- Work request -
Look below for the line with "Hot 1/3Pairs Magnetic" and the line with "Ronaldo was substituted"; repeat exactly those two lines and all lines between them, but no pictures.

- Material for this task -

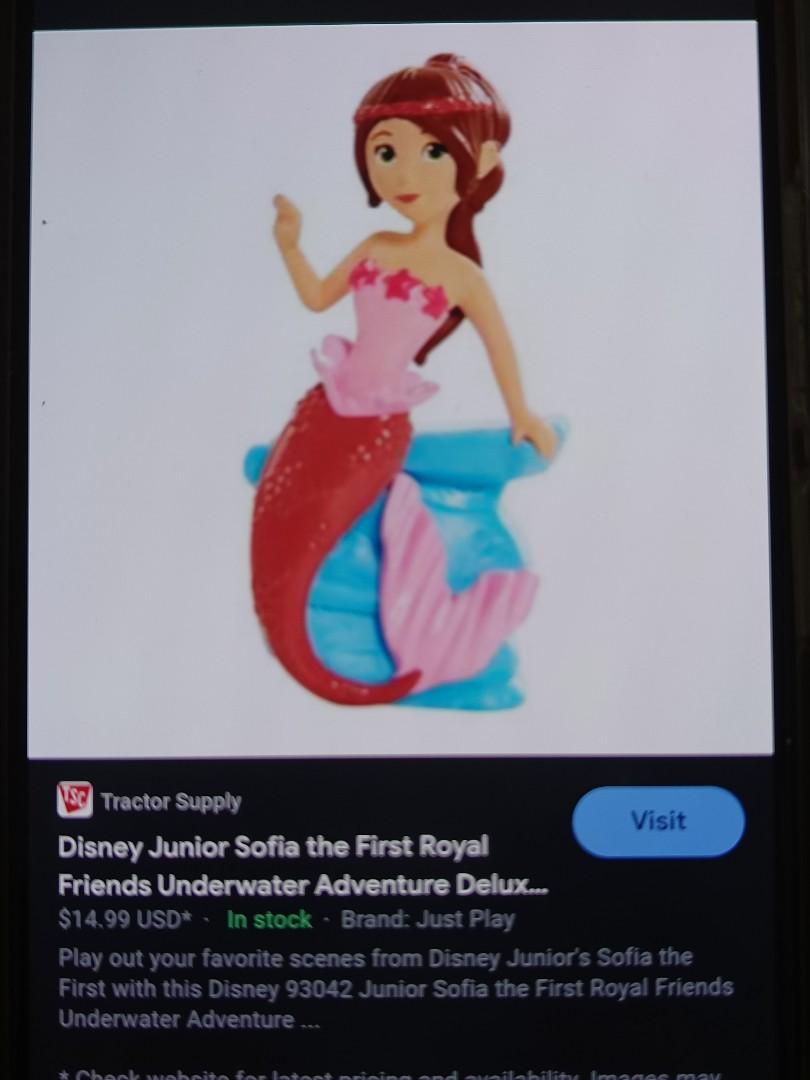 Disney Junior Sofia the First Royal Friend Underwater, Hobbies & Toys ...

* * *

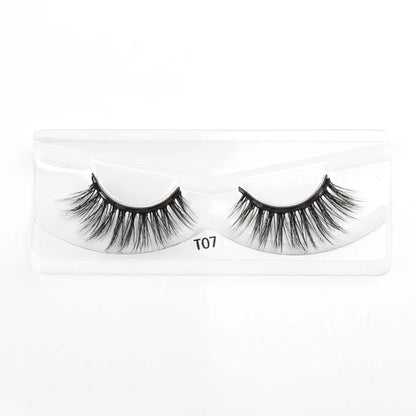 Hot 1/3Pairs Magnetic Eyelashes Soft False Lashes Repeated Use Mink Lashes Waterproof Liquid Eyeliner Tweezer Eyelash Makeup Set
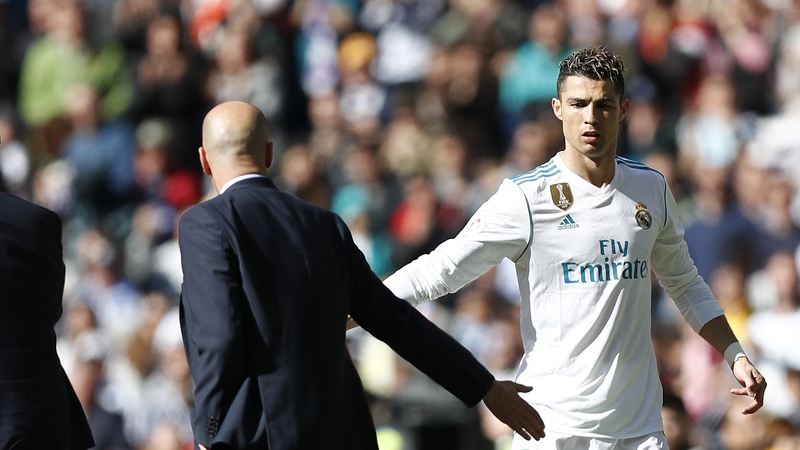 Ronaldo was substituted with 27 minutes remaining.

* * *

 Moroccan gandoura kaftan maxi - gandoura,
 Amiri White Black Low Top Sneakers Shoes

- Exercise response -
 Hot 1/3Pairs Magnetic Eyelashes Soft False Lashes Repeated Use Mink Lashes Waterproof Liquid Eyeliner Tweezer Eyelash Makeup Set
 Ronaldo was substituted with 27 minutes remaining.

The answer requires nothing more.